### YOUR TASK
Below are the records. Reproduce exactly the lines from the one containing "Poster - Halloween" through the final line, and omit any pictures.

### DATA PROVIDED
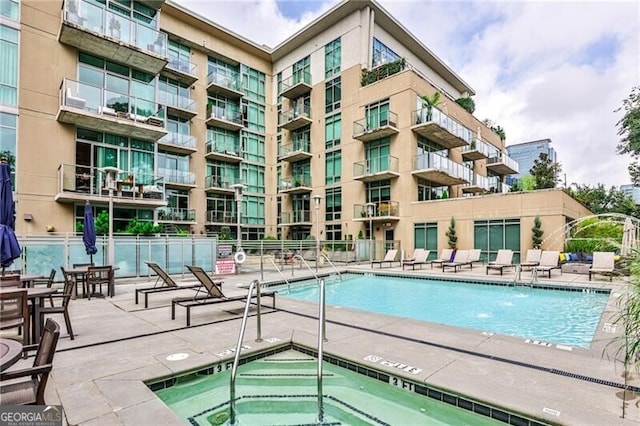 905 Juniper St NE Unit 701, Atlanta, GA 30309 - community pool featuring a hot tub and a patio area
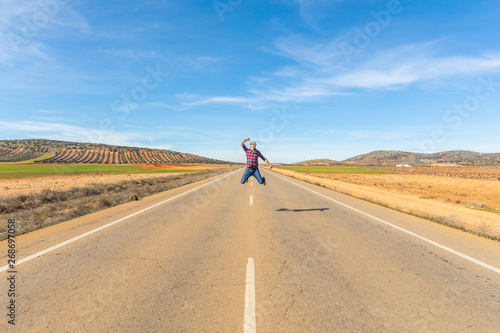 Happy successful man jumping in countryside road © william87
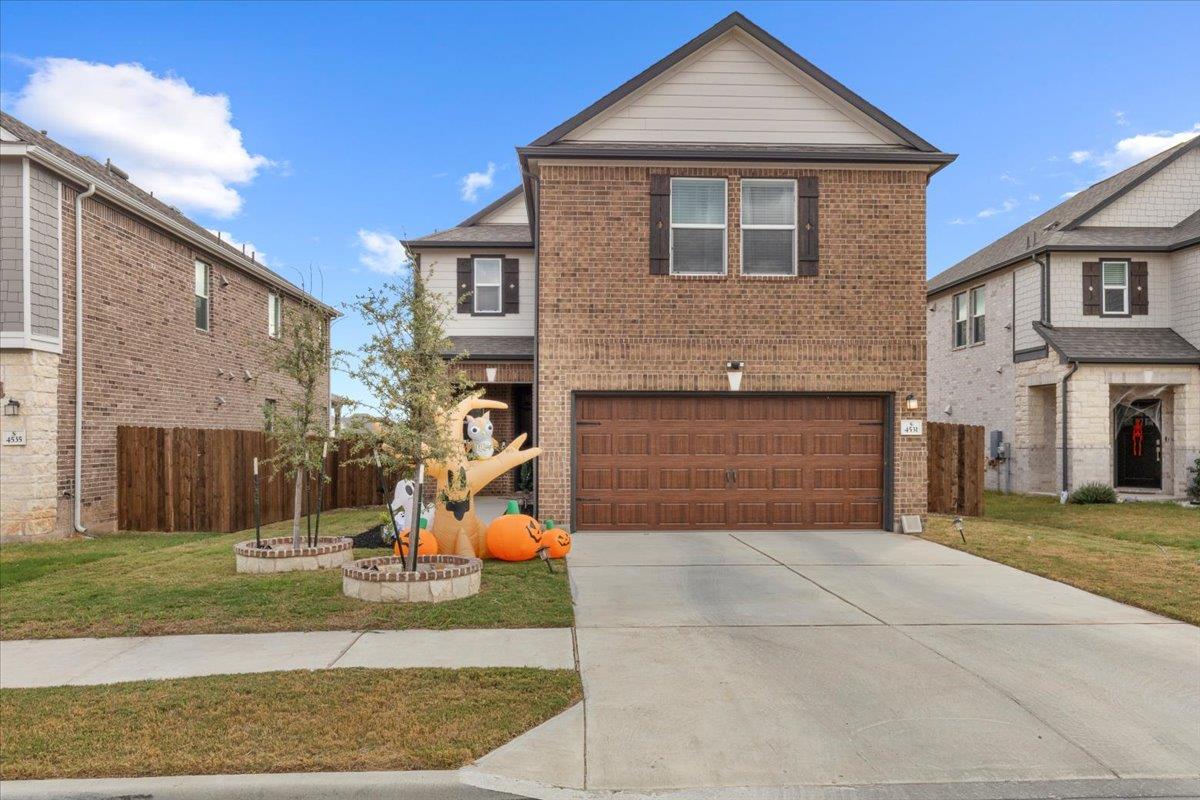 A classic brick exterior and a concrete driveway 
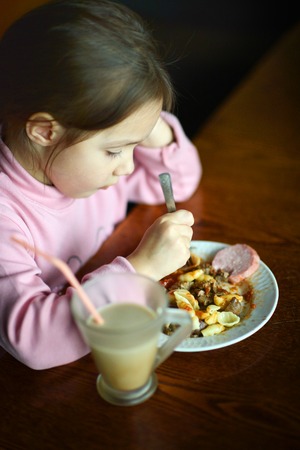 Little Caucasian baby eats at the tableの写真素材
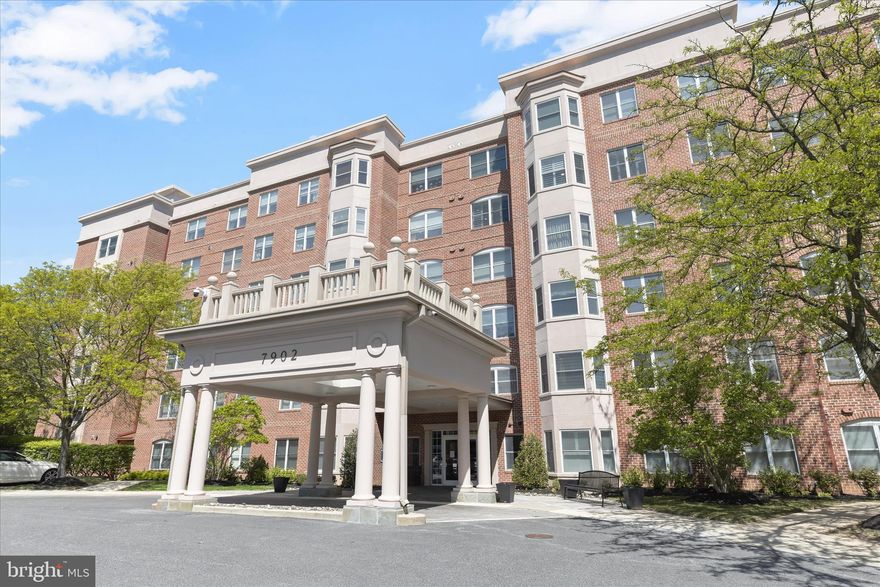 Introducing this sun-filled corner unit on the second floor in the desirable gated community of Stevenson Commons, offering two bedrooms, two full and one half bathrooms, and nearly 2,000 square feet of refined living space. A secure building lobby features a doorman desk, with elevators providing access to the private gated garage. Step into the foyer that sets the tone for the elegance found throughout, highlighted by tray ceilings, rich hardwood floors, recessed lighting, and sophisticated finishes. Open-concept living and dining areas showcase bright bay windows and provide an ideal setting for entertaining. The expansive kitchen is well-equipped with granite countertops, 42-inch cabinetry, a large center island with seating, and stainless steel appliances including a double wall oven and gas cooktop. A breakfast nook offers space for casual meals, while the inviting family room is perfect for relaxing. The primary bedroom serves as a private retreat, featuring a vanity dressing area, two closets including a walk-in, and an en-suite bathroom with a dual-sink vanity, jetted tub, and walk-in shower. The second bedroom suite includes its own private bathroom with a walk-in shower. Completing the unit are a half bathroom and a laundry room. Recent updates include a new water heater in 2024, HVAC system in 2020, and brand new carpet in the primary bedroom. The unit includes one assigned parking space in the secure garage, along with ample guest spots in the parking lot.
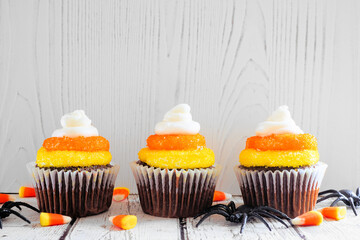 Poster - Halloween candy corn chocolate cupcakes in a row against a white wood background
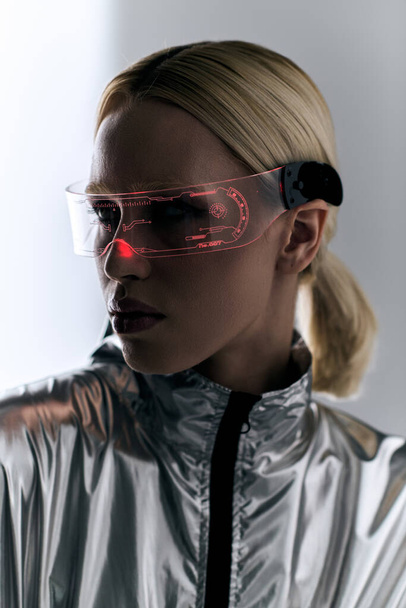 グレーの背景を見下ろすロボットの銀の装飾の未来的な眼鏡を持つ美しい女性 - 写真・画像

### RESPONSE
 Poster - Halloween candy corn chocolate cupcakes in a row against a white wood background
 グレーの背景を見下ろすロボットの銀の装飾の未来的な眼鏡を持つ美しい女性 - 写真・画像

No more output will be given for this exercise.